Solved – How to SVM ‘find’ an infinite feature space where linear separation is always possible

feature selectionkernel tricksvm

What is the intuition behind the fact that an SVM with a Gaussian Kernel has infinite dimensional feature space?

Best Answer

This answer explains the following:

  1. Why perfect separation is always possible with distinct points and a Gaussian kernel (of sufficiently small bandwidth)
  2. How this separation may be interpreted as linear, but only in an abstract feature space distinct from the space where the data lives
  3. How the mapping from data space to feature space is "found". Spoiler: it's not found by SVM, it's implicitly defined by the kernel you choose.
  4. Why the feature space is infinite-dimensional.

1. Achieving perfect separation

Perfect separation is always possible with a Gaussian kernel (provided no two points from different classes are ever exactly the same) because of the kernel's locality properties, which lead to an arbitrarily flexible decision boundary.

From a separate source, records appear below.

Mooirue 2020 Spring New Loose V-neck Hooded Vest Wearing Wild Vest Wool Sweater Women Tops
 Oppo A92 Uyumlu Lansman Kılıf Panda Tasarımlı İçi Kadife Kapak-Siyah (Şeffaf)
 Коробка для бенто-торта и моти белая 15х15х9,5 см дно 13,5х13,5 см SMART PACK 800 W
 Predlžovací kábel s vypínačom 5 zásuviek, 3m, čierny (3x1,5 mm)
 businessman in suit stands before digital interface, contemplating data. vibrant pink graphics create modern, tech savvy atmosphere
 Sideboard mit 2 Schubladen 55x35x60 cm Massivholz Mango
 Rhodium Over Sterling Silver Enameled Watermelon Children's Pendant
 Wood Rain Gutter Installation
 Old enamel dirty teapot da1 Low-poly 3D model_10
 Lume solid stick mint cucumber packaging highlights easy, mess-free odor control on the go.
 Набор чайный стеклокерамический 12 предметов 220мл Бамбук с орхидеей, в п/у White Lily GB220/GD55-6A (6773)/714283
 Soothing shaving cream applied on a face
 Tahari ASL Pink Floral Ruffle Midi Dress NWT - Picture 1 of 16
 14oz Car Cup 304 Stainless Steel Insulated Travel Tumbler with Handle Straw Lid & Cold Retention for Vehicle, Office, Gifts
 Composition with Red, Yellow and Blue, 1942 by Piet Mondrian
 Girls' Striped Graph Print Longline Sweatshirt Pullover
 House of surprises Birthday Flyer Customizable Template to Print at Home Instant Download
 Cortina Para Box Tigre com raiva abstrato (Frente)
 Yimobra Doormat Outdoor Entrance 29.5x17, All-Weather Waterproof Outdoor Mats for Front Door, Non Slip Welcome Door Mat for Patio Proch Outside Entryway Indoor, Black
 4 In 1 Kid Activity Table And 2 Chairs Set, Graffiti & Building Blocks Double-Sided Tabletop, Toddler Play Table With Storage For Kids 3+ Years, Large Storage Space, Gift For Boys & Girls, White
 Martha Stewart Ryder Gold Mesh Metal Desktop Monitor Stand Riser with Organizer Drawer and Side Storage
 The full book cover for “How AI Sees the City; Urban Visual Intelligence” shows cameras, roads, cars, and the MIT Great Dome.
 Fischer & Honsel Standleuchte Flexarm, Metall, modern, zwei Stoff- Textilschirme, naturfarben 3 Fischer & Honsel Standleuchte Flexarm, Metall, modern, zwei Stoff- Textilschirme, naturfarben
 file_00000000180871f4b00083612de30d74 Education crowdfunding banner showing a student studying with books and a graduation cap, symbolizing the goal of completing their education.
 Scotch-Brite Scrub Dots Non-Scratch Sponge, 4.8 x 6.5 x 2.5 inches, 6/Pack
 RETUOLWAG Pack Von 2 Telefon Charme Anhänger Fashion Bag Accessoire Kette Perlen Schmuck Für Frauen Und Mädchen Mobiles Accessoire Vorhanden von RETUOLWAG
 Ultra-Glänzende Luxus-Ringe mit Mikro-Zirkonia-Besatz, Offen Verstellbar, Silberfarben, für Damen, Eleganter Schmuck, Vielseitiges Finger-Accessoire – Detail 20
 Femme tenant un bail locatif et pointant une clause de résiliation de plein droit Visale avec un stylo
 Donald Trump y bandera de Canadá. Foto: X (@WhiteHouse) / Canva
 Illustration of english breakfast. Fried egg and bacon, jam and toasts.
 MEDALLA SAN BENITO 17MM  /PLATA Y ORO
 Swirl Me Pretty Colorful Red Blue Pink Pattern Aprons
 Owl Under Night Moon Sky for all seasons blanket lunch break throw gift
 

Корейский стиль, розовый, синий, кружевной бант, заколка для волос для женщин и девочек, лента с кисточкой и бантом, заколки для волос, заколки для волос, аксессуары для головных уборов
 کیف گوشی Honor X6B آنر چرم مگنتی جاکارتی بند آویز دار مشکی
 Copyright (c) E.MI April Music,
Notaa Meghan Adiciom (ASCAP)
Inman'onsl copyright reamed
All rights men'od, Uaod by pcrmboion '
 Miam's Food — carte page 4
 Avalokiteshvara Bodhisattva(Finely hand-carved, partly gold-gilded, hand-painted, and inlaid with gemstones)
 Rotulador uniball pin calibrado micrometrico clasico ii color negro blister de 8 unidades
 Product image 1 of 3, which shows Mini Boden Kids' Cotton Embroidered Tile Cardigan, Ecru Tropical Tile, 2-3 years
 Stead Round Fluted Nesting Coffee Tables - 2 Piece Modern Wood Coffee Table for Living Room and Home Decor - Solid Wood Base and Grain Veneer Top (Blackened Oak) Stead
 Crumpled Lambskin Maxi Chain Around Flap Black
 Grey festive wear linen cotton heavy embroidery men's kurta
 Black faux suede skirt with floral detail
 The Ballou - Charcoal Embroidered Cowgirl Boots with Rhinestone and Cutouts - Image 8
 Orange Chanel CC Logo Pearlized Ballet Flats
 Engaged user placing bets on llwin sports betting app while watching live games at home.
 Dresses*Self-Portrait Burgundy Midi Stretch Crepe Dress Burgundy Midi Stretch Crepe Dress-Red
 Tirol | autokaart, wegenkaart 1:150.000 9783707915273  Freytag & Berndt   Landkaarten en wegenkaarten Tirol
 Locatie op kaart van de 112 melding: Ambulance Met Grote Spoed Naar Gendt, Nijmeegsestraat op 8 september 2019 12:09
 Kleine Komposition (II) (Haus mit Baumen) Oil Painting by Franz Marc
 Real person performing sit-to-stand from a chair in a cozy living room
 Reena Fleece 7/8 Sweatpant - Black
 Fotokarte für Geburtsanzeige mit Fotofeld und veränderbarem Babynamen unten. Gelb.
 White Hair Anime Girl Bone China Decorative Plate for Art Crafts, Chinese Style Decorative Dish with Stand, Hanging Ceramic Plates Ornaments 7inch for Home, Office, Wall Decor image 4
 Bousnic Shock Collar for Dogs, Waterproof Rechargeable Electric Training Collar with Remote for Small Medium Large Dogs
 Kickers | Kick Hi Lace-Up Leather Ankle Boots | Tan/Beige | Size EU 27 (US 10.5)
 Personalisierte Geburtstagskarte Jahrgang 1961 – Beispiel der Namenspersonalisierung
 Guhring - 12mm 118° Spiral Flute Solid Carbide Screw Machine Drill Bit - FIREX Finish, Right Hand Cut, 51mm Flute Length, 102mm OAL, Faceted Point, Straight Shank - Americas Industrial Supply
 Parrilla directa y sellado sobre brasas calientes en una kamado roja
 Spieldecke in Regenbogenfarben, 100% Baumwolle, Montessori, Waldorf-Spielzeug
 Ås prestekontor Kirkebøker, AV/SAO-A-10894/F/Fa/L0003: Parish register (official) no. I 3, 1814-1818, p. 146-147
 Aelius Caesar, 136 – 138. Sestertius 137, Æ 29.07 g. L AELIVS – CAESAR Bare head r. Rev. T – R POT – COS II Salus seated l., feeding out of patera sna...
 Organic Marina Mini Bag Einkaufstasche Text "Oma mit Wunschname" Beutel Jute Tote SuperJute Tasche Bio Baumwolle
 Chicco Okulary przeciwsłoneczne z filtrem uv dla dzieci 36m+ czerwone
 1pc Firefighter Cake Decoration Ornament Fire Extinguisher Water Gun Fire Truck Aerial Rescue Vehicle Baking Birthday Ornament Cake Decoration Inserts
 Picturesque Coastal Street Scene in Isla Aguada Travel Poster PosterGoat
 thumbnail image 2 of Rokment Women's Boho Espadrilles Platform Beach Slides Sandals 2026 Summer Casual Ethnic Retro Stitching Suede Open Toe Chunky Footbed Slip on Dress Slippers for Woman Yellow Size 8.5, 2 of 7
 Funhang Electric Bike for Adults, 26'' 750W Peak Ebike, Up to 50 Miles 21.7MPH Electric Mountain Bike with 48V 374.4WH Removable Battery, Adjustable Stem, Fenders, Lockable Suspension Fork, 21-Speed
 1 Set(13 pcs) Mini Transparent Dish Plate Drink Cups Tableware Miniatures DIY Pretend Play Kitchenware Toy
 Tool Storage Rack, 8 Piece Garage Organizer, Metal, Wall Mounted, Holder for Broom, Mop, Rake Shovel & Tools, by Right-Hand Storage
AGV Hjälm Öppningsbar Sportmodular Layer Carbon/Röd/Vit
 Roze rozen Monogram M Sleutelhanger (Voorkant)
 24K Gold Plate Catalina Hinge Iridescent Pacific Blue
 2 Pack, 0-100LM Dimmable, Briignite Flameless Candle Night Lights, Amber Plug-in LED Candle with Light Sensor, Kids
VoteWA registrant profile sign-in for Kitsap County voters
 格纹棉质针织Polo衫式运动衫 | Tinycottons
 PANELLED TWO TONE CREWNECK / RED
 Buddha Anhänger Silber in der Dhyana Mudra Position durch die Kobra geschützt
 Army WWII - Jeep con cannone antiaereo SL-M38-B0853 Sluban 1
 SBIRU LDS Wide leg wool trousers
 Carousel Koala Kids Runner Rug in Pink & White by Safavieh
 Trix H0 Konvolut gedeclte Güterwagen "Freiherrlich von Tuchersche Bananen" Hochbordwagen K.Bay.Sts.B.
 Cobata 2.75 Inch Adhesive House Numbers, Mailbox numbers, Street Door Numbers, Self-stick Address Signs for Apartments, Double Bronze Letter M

For sufficiently small kernel bandwidth, the decision boundary will look like you just drew little circles around the points whenever they are needed to separate the positive and negative examples:

Something like this

(Credit: Andrew Ng's online machine learning course).

So, why does this occur from a mathematical perspective?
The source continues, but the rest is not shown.